Witchcraft in Popular Culture – Plays/Musicals
Macbeth
The Three Witches (or Weird Sisters) appear in William Shakespeare’s play “Macbeth”, written between 1603 and 1606. They inform Macbeth that he is destined to be king, and although they help him gain the throne by urging him towards bloody, ambitious acts and showing him visions of his fate, their guidance ultimately leads to his destruction. They are depicted as old hags cackling over a bubbling cauldron (“Double, double toil and trouble; Fire burn, and caldron bubble”), and commanded by the witch goddess Hecate. Shakespeare probably based them on the descriptions in Raphael Holinshed’s 1577 history of Britain, Scotland, and Ireland, “Chronicles”, and some sections were later incorporated directly from Thomas Middleton’s play, “The Witch”.
The Witch
A tragi-comedy written by the Jacobean playwright Thomas Middleton sometime between 1609 and 1616, but not published until 1778. Middleton’s primary source for material on witches was the “Discovery of Witchcraft” by Reginald Scot (1584), from which the playwright drew invocations, demons‘ names and potion ingredients.

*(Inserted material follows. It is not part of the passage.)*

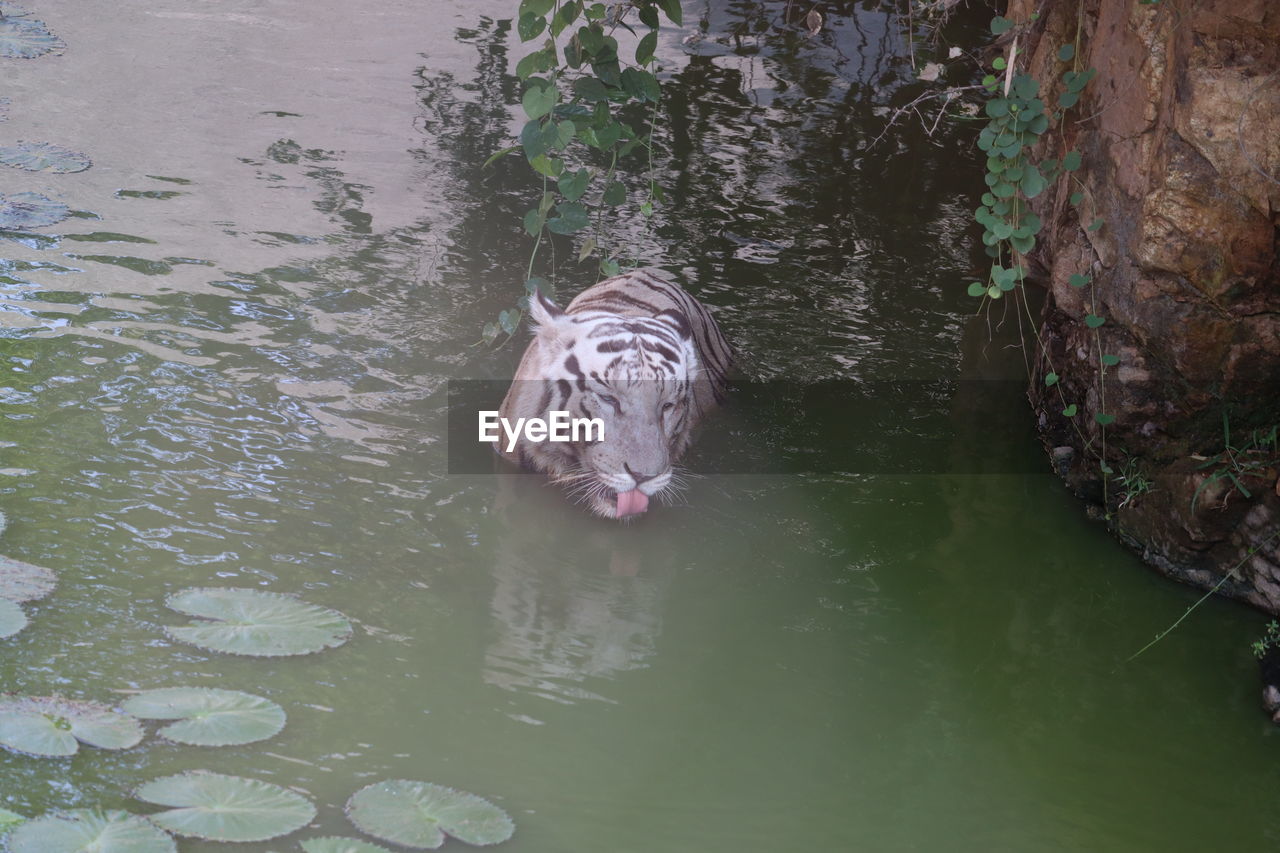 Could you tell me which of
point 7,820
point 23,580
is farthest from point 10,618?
point 7,820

Shakespeare later incorporated some sections of it directly into his “Macbeth”.
The Witch of Edmonton
A Jacobean play jointly written by William Rowley, Thomas Dekker and John Ford in 1621, based on supposedly real-life events that took place in the village of Edmonton (outside London) earlier in the year. The play depicts Elizabeth Sawyer, an old woman shunned by her neighbours, who gets revenge by selling her soul to the Devil, who appears to her in the shape of a black dog.

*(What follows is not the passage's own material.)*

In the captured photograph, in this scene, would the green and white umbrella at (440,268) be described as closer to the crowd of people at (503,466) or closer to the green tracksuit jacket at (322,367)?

The Late Lancashire Witches
An English Renaissance stage play, written by Thomas Heywood and Richard Brome, published in 1634. The play is a topical melodrama on the subject of the witchcraft controversy that arose in Lancashire in 1633 (the Pendle Witch Trials). The outcome of the trials was still in doubt at the time the play was first produced. Thomas Shadwell later borrowed from the Heywood/Brome work for his own play, “The Lancashire Witches”, in 1681.
The Crucible
A critically acclaimed 1954 play by the American playwright Arthur Miller based on the events of 1692 which led to the Salem Witch Trials in colonial Massachusetts. Written at the height of the anti-Communist hysteria of McCarthyism in the early 1950s, the play is often considered to be at least partly allegorical. It has been adapted for film twice, by Jean-Paul Sartre as the 1957 film “Les Sorcières de Salem” and by Miller himself as the 1996 film “The Crucible”, as well as a 1962 opera by Robert Ward.
Which Witch
A stage musical written by Norwegian singer/composers Benedicte Adrian and Ingrid Bjørnov, originally staged in Norway in 1987, but since successfully transferred to London’s West End and several other countries. The storyline, set in Rome and Heidelberg in the 16th Century, was apparently found in the witchfinder’s manual “Malleus Maleficarum”, and revolves around the false accusations of witchcraft by a jilted lover and the subsequent trial. “Which Witch?” was also coincidentally the name of a 1970s children’s board game.
Wicked
A popular Broadway musical which premiered in 2003 based on by Gregory Maguire’s 1995 novel of the name name. Sub-titled “The Life and Times of the Wicked Witch of the West”, Wicked presents a revisionist look at the land and characters of Oz, including Elphaba (the misunderstood green-skinned girl who grows up to become the infamous Wicked Witch of the West) and Galinda (later known as Glinda, Elphaba’s roommate at Shiz University).